Göppingen - So etwas hat es im Göppinger Gemeinderat noch nie gegeben: Am Donnerstagabend habe die Verwaltung in nichtöffentlicher Sitzung eine Tischvorlage präsentiert, mit der keiner gerechnet habe, berichten mehrere Stadträte unter der Hand. In dem Papier sei es um die „außerordentliche, fristlose Verdachtskündigung“ eines langjährigen städtischen Mitarbeiters gegangen. Mit anderen Worten: der Oberbürgermeister Guido Till wollte sich die Erlaubnis einholen, den Mann sofort zu entlassen. Die Stadt selbst will sich zu dem Vorgang nicht äußern, da es sich um eine Personalangelegenheit handle. Das Stadtoberhaupt habe erläutert, sagen Teilnehmer der Sitzung, dass der Mitarbeiter Anfang November eine Auszubildende der Stadt sexuell belästigt haben soll. Nach Aussage der jungen Frau habe er ihr an die Brüste und in den Schritt gefasst.

 

Es steht Aussage gegen Aussage

Einen Tag nach dem angeblichen Geschehen hat sich die junge Frau einem Vertrauensmann der Stadt Göppingen anvertraut. Der Beschuldigte streitet die Vorwürfe vehement ab. Bisher lag noch nie etwas gegen den Mann vor.

Nach seiner Schilderung habe er der Frau den Arm um die Hüfte gelegt, als es auf einer Baustelle gegolten habe, ein Hindernis zu überqueren. Anderntags habe er ihr über die Schulter gestrichen. Damit sei er ihr womöglich zu nahe gekommen, räumt er ein, sexuelle Absichten oder Berührungen an anderen Körperteilen aber streitet der Mann ab.

In der Sache steht also Aussage gegen Aussage. Vermutlich aus diesem Grund hat sich der Personalrat der Stadt nach Informationen der Stuttgarter Zeitung auch nicht darauf einigen können, der Verwaltung eine Kündigung zu empfehlen. Weil die Polizei bis jetzt nicht gegen ihn ermittelt, ist auch nicht auf baldige Klärung der Frage zu hoffen, was genau der Mann tatsächlich getan hat. Die Frau hat ihn bisher nicht angezeigt und hat das offenbar auch nicht vor. Dennoch habe Till dem Gemeinderat empfohlen, den Mann sofort zu entlassen.

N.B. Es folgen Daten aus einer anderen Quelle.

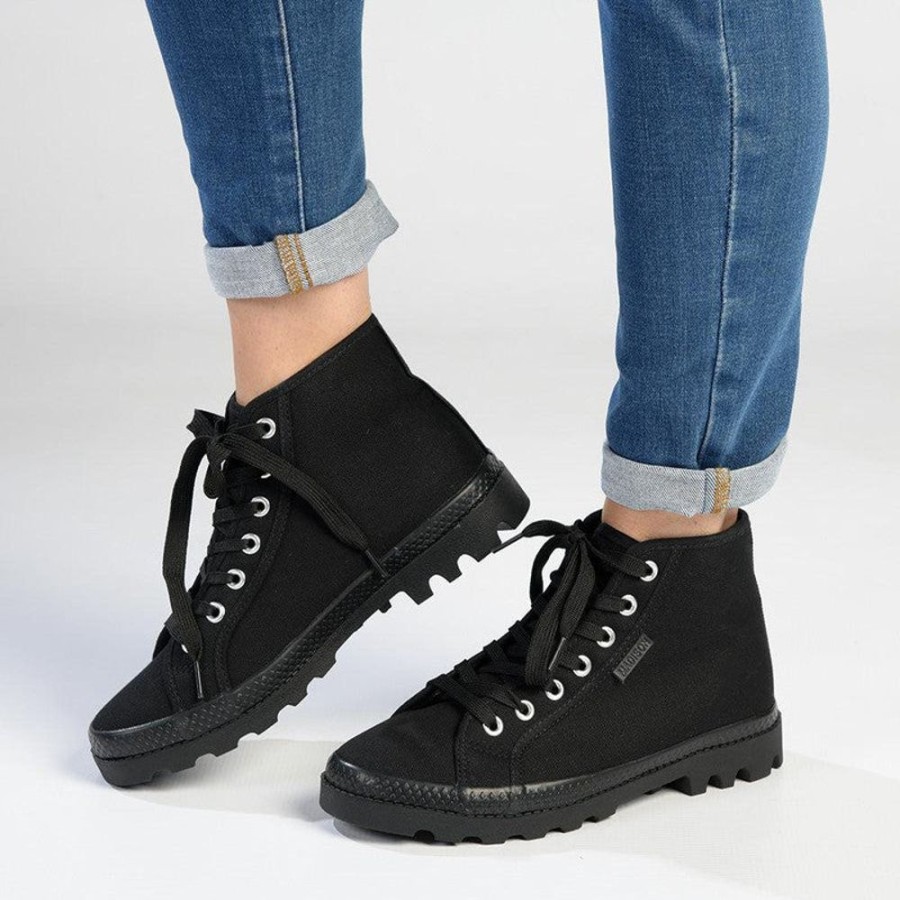 Sneakers Madison Heart of New York | Madison Sofia Hi-Too Sneaker Black Mono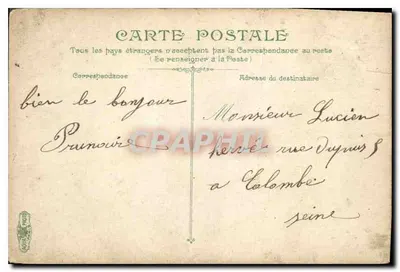 Dieppe - Port lotniczy i port przemysłowy — wydawca '2204' — Rewers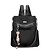 halpa Reput-Large Capacity Oxford Zipper Commuter Backpack Solid Color Daily Black / Red / Fall &amp; Winter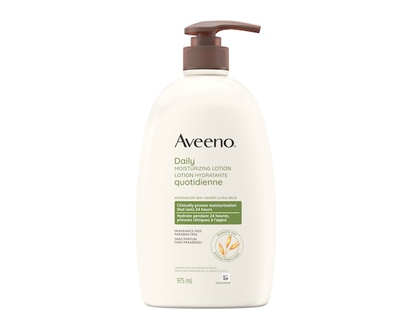 Aveeno Daily Moisturizing Body Lotion Fragrance Free - 975.0 ML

Schließlich sei man als Arbeitgeber verpflichtet, die Auszubildende zu schützen, soll der Rathauschef gesagt haben.

Der Fall geht vermutlich vor das Arbeitsgericht

Im Gemeinderat löste der Beschlussvorschlag eine heftige Debatte aus, wie es heißt, denn viele Stadträte befürchten, dass die Stadt mit der Kündigung vor dem Arbeitsgericht Schiffbruch erleiden wird, weil die Vorwürfe gegen den Mann in keiner Weise bewiesen sind. Einen Aufhebungsvertrag hat dieser bereits abgelehnt. Die Verwaltung geht deswegen davon aus, dass er gegen die Kündigung klagen wird.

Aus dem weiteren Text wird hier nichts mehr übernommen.